Two generations grew up listening to his mellifluous voice crooning the maestro’s melodic numbers in Tamil films during the 70s and 80s. The later generations are also hooked on to them. Music apart they were the best of friends.
And last week, music maestro Ilaiayaraaja and singer S.P. Balasubrahmanyam fell out after Raaja asked his lawyers to restrain the Balasubrahmanyam , popularly known as SPB from singing his songs during a music tour of the USA.
After Raaja’s lawyers conveyed his objection to SPB that singing the composer’s songs without his permission amounted copyright violation, a heart-broken SPB took to his FB page to state that he would not sing them any longer.
“We kick-started this SPB50 concert tour in August in Toronto and then performed in Russia, Sri Lanka, Malaysia, Singapore and Dubai.
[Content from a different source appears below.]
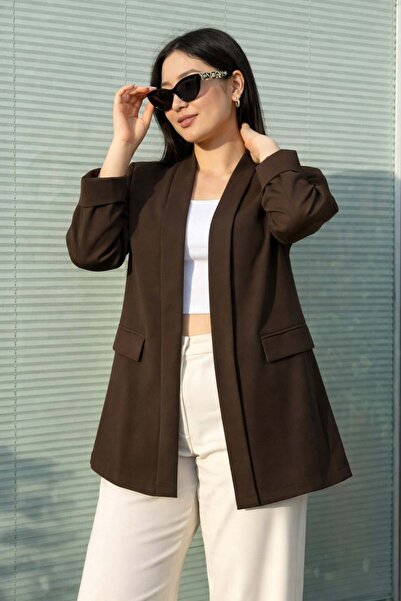 ModaPlaza Γυναικείο κοντό υφασμάτινο μπουφάν με διπλωμένους μανίκια και μεγάλ...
We also did many shows in India. After we had great shows in Seattle iand LA last weekend an attorney representing Ilaiyaraaja sent legal notice to me, singer Chithra, SPB Charan and the organisers of the concerts and managements in different cities saying we are not supposed to perform Raaja’s compositions without his permission as it amounts to breaking copyright laws and we would have to pay huge penalties and also face legal action,” SPB explained.
Here's a video of Ilaiayaraaja and S.P. Balasubrahmanyam performing together:
He said that by God’s grace he had sung other composers’ songs too which he would present during the remainder of the tour. He urged his fans not to have any harsh discussions on the episode, apparently hoping to save his friendship with the legendary composer.
The Raja-SPB duo dominated Tamil cinema music for nearly two decades before the arrival of A. R. Rahman in the 90s. They had together presented many stage shows in India and abroad and their stage camaraderie and friendly banter used to liven up the performances. But the latest bouncer from Raaja has shocked not just SPB but also music lovers. While Raaja has composed songs over a 1,000 films SPB has sung more than 40,000 songs in various Indian languages – a record for both the giants.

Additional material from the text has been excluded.